Associated Computer Science Faculty


Dr. Bruce A. Maxwell

After 15 years at Colby, Bruce is now the Teaching Professor and Assistant Director of Computing Programs, Seattle Campus, Northeastern University. Bruce Maxwell started exploring computer science as an undergraduate at Swarthmore College, where he earned a B.A. in Political Science, a B.S. in Engineering, and a Concentration in Computer Science. He went on to obtain an M.Phil. in Speech Recognition at Cambridge University and a Ph.D. in Robotics at Carnegie Mellon University. He taught for two years at the University of North Dakota and nine years at Swarthmore College before coming to Colby in the fall of 2007. His interests include robotics, computer vision, computer graphics, scientific data analysis and visualization.
 

Dr. Dale Skrien

Emeritus Professor
Dale Skrien went to St. Olaf College where he received a B.A. in Mathematics.
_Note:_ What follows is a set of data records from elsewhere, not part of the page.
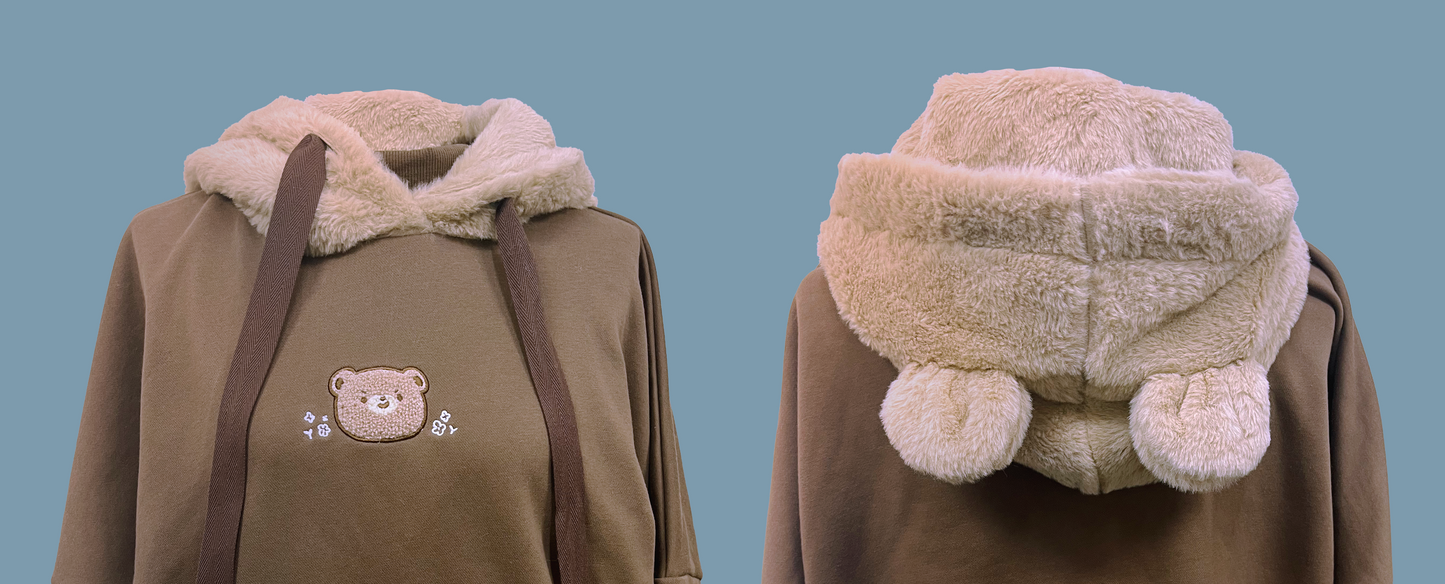 Bear Hoodie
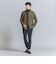 【WEB限定 WARDROBE SMART】スエードライク シャツ
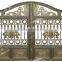 wrought iron villa luxury gate and main courtyard gate models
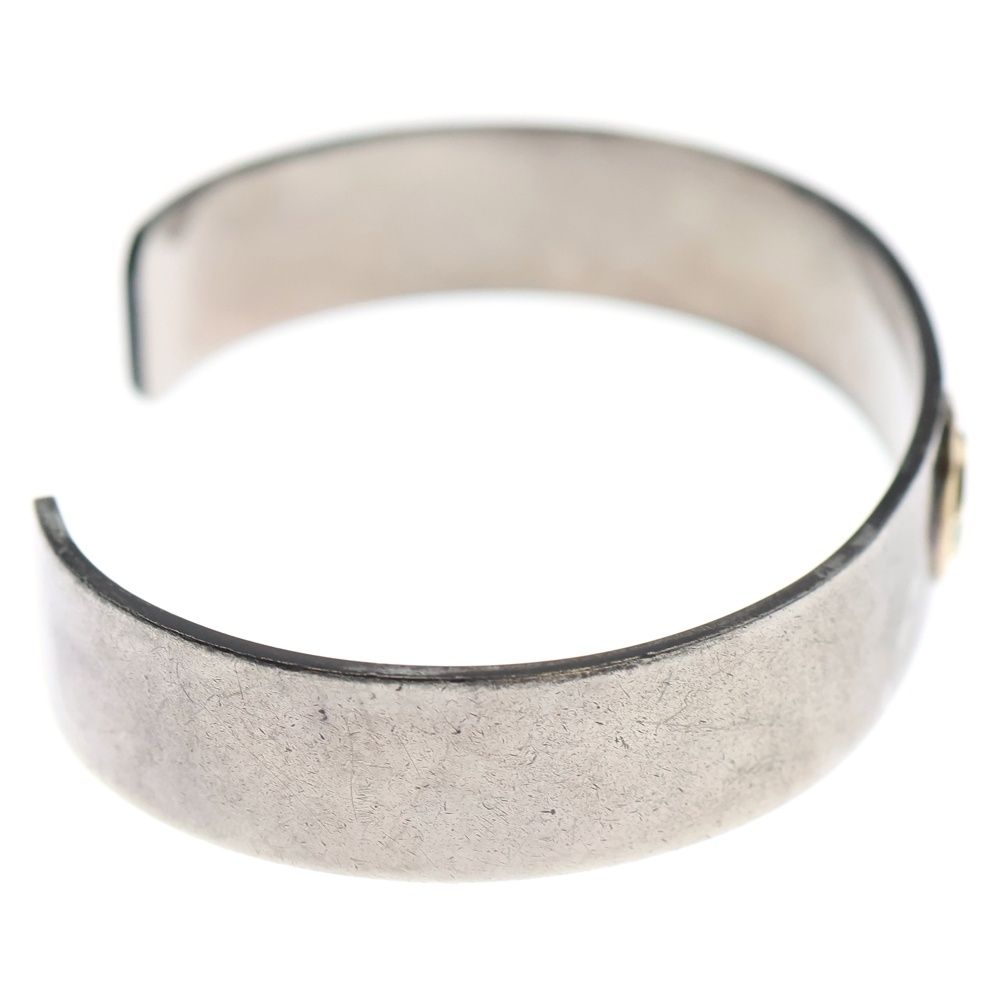 タディ&キング 唐草平打ちバングルGPウルフ TADY&KING[ORDER ITEM]平打ちバングルK18ウルフ アラベスク 特注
He continued his education at the University of Washington where he received M.S. and Ph.D. degrees in Mathematics. His dissertation concerned algorithmic graph theory or, more specifically, algorithms relating to interval graphs. He later picked up a M.S. degree in Computer Science at the University of Illinois. He taught at Colby from 1980 until 2022. His interests have included object-oriented software design, educational software for computer organization courses, and computer music.